Of these 4 sections, only 1. and 2. are actually read by the shader. Even better, the addresses in the second section are a constant offset from the addresses in the first section. This means that we only need a total of 1024 addressable pixels, which can be achieved with only 10 bits. This is 2 bits less than before, leaving us a comfortable 31 bits to address a 4096^2 polygon texture.

Actually, 31 bits are no good either - so I chose to use 11 bits for both the X and Y axis, which allows a maximum texture size of 4096 * (2048 * 4 =) 8192, giving us plenty of rows to store even more triangles. Considering that the sample scene is quite detailed (for something meant to be displayed in a browser) and only uses 391 of the 2048 possible rows, I am quite confident that this will be enough.

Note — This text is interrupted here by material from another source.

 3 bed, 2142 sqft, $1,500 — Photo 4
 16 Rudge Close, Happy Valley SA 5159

In the end we have 11 bits for the X-coordinate, 11 bits for the Y-coordinate, 1 bit for the sign (S) and 9 bits for the count/distance (C), for a total of 32 bits.
Very nice.

3 - Give me the data

To test everything, I changed the code to read the original data from the PNG, decompress it into a byte array, and then repack it into an array 1/3 its size with the 32bit unsigned integer format described above.
Then I modified the raytrace shader and made sure that everything worked as expected (it did) and that it ran at least as fast as before (it ran about 10% faster, which I credit to the use of integers over floats for indexing and the use of pixelFetch operations over texture as a result).
Now all I had to do was get the data out of the browser again. How hard can it be?

First try: Create an offscreen canvas, write the image to the canvas, get the canvas contents, and save it as an image. I get a PNG image and ... it does not work.
What happened?
Looking at the data, it seemed almost correct, but not really. The first mismatch was a 65 in the original data, which somehow became a 64 in the data read from the canvas.

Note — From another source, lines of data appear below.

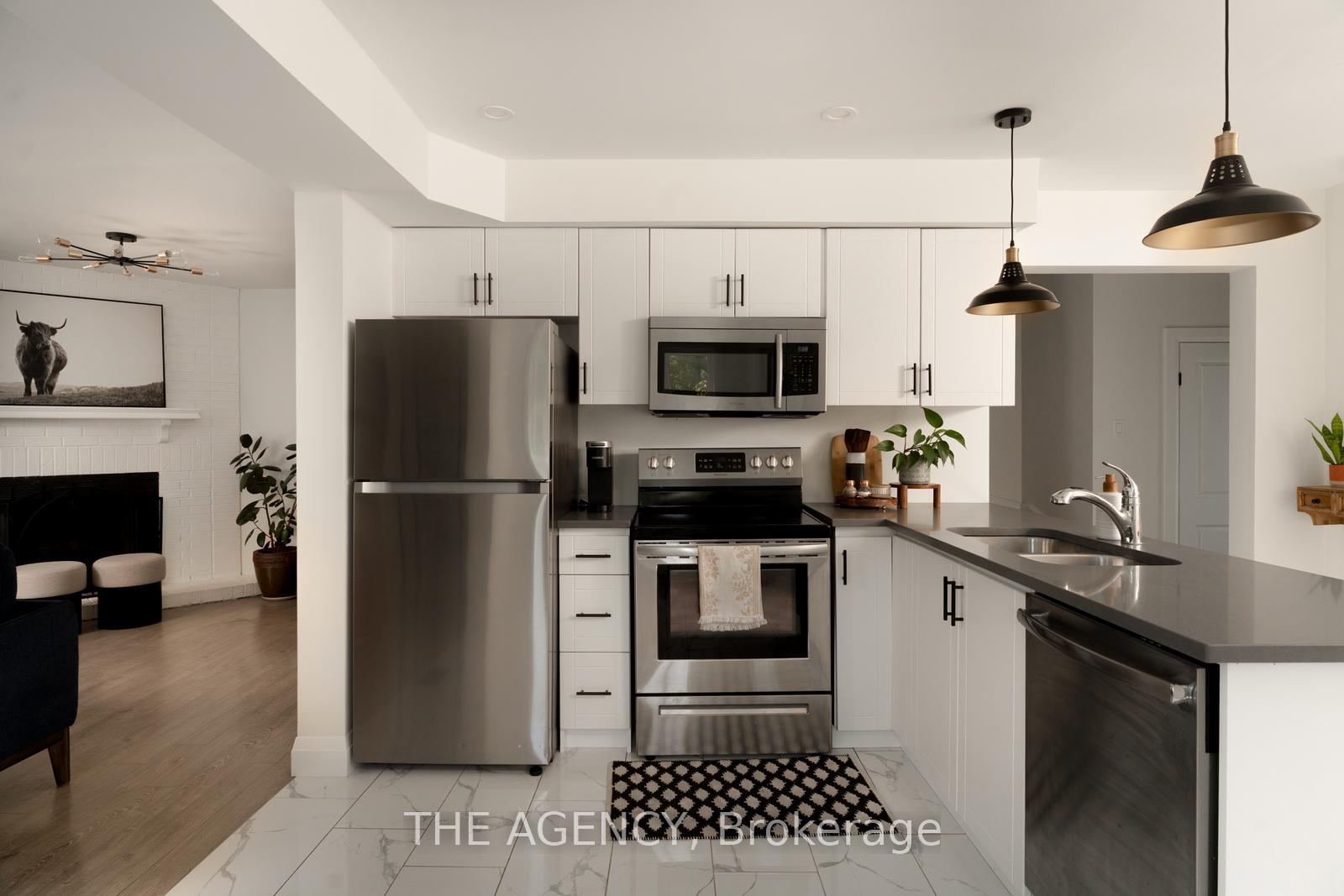 Photo 11 of 26 Harbour Drive, Hamilton, Lakeshore — HOMEH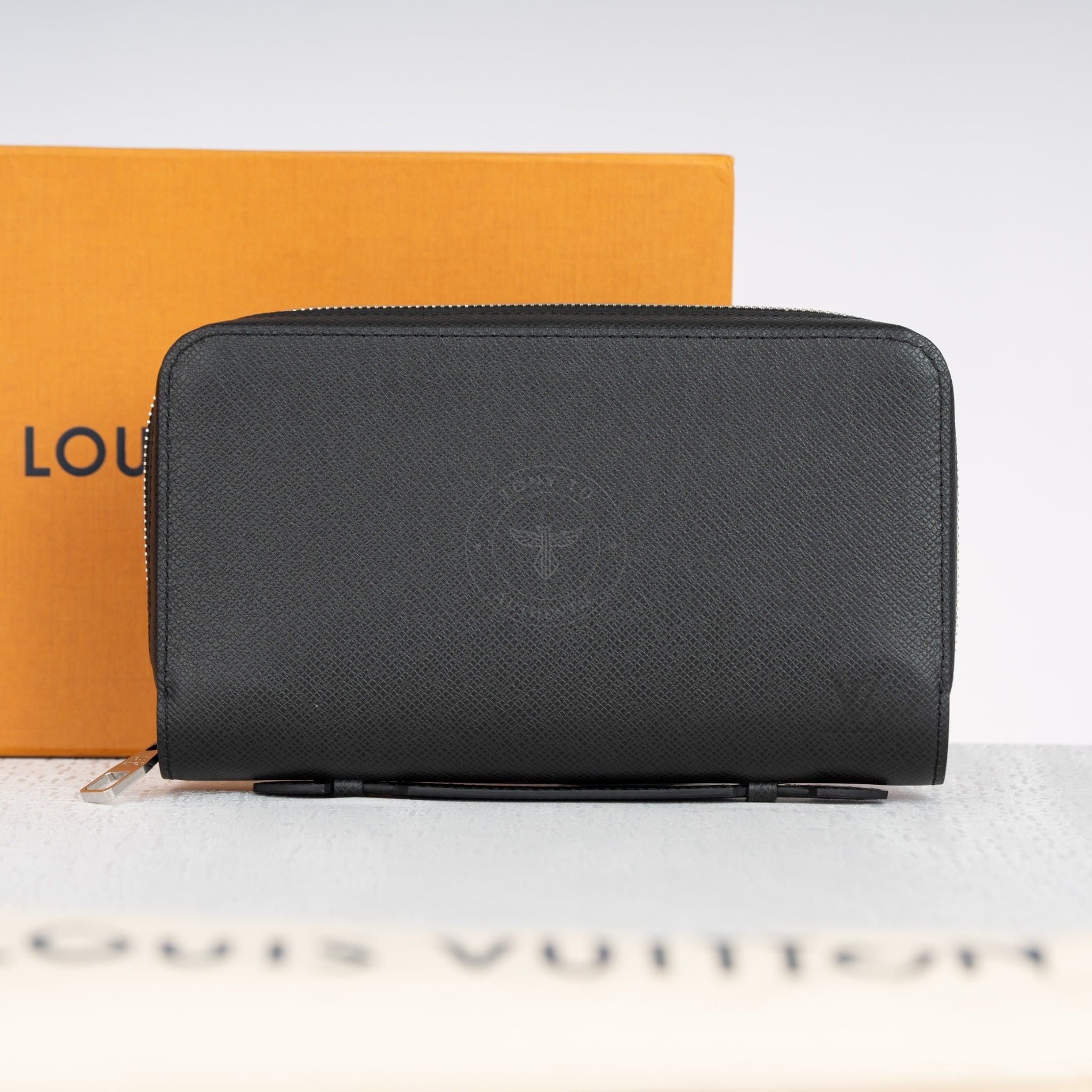 Clutch / Ví Zippy XL Louis Vuitton Noir Taiga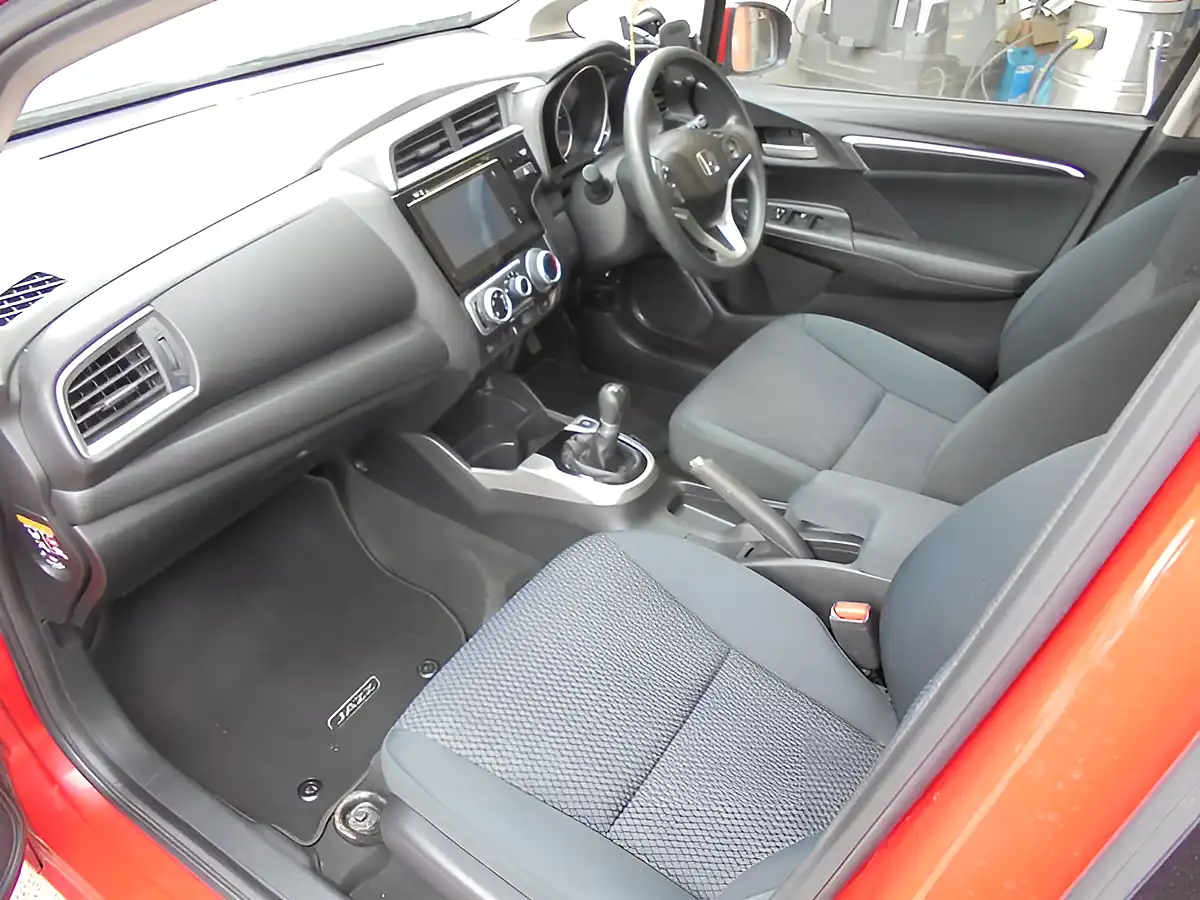 Used 2018 Honda Jazz Se Red - Interior and Exterior details 11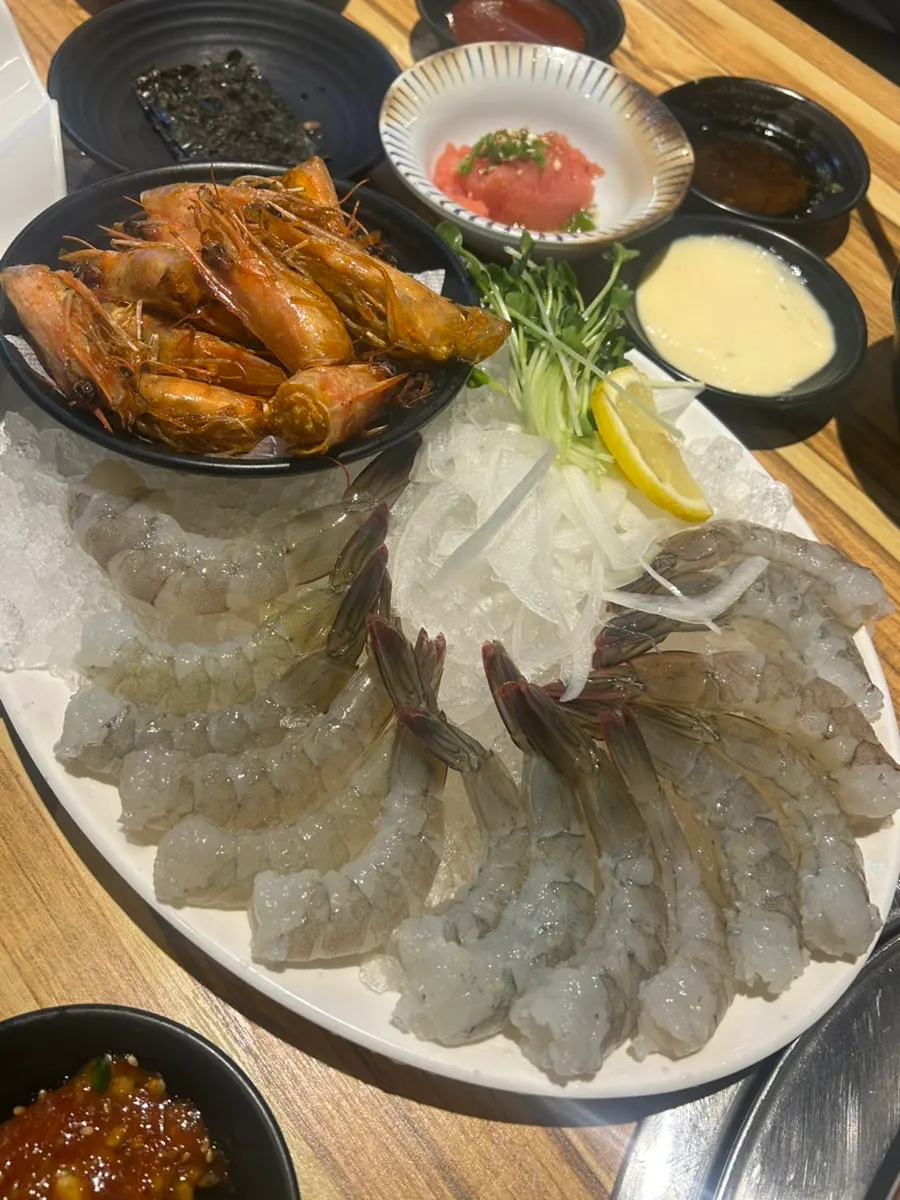 생새우회와 모둠회를 번갈아 먹는 상차림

This one took a while, and while all the bit fiddling in Chapter 2 was all fun and games, this problem is what prompted me to actually blog about this problem.
You see, the browser, being a visitor in many a strange place, not all of which have your best interests at heart, is built for security.
In fact, there is no way to access image data directly without going through a canvas element to sanitize the data.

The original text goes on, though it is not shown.